Various features of HIEs, such as a health data utility, were discussed, including HIEs’ obligation to be mission-driven, serve the “last mile,” and provide services in places that are not “profitable,” or at least not entered into because of profit-seeking intentions. HIEs should ideally see themselves as more of a public good. Funding and sustainability are obviously important to an HIE, but HIEs should look to creative funding models and partnerships (such as with state Medicaid programs) that do not require the HIE to ignore or intentionally exclude segments of the population that they serve. Providers in any area should be able to turn on a machine and see useful patient data, not unlike turning on a light switch and expecting (and having) the light come on.

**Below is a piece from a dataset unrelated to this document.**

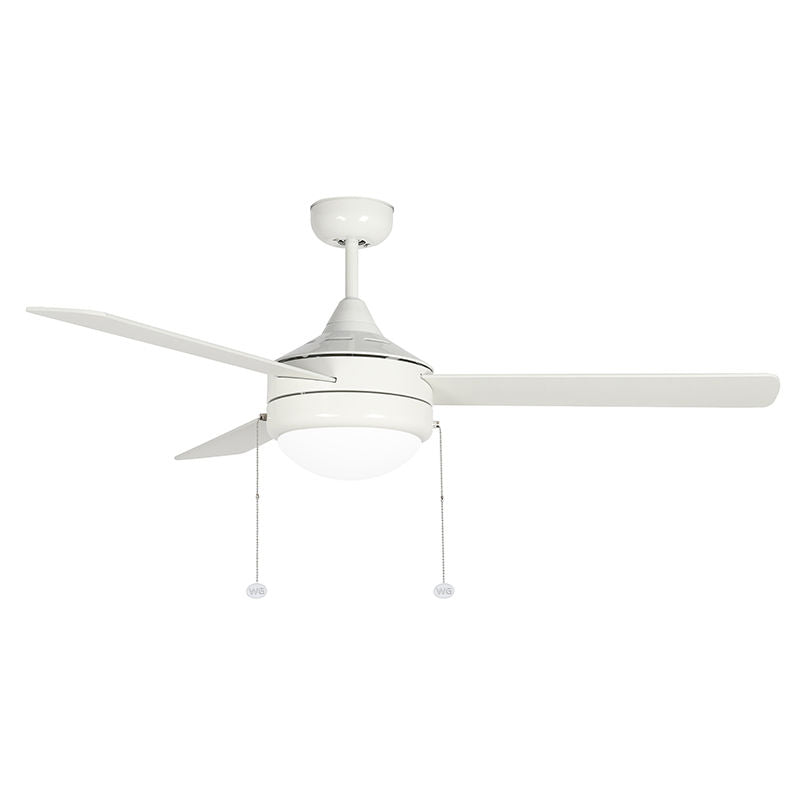 Westgate WFL-112-PC-3B-52-MCT-WH-WH 52" Plywood 3-Blade Ceiling Fan & Light - White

One essential element in moving toward a utility model is making sure that local communities embrace that image of an HIE. This goal will require some work, as HIEs need to be ready to explain both the similarities and important differences that make the “utility” argument understandable and acceptable. As HIEs enhance their presence as the service provider of choice for key programs or solutions (e.g., alerts or perhaps COVID-19 dashboards), HIEs need to encourage a wider variety of stakeholders in their communities to come to them to bolt on new solutions. This centralized staying power is what makes HIEs more of a utility. Originally, electricity, for example, could be acquired to power a light bulb. Think of the electricity that hospitals, households, companies, and public infrastructure today rely on for such a wide variety of needs and pursuits. Panelists believe this is the direction in which HIEs are moving.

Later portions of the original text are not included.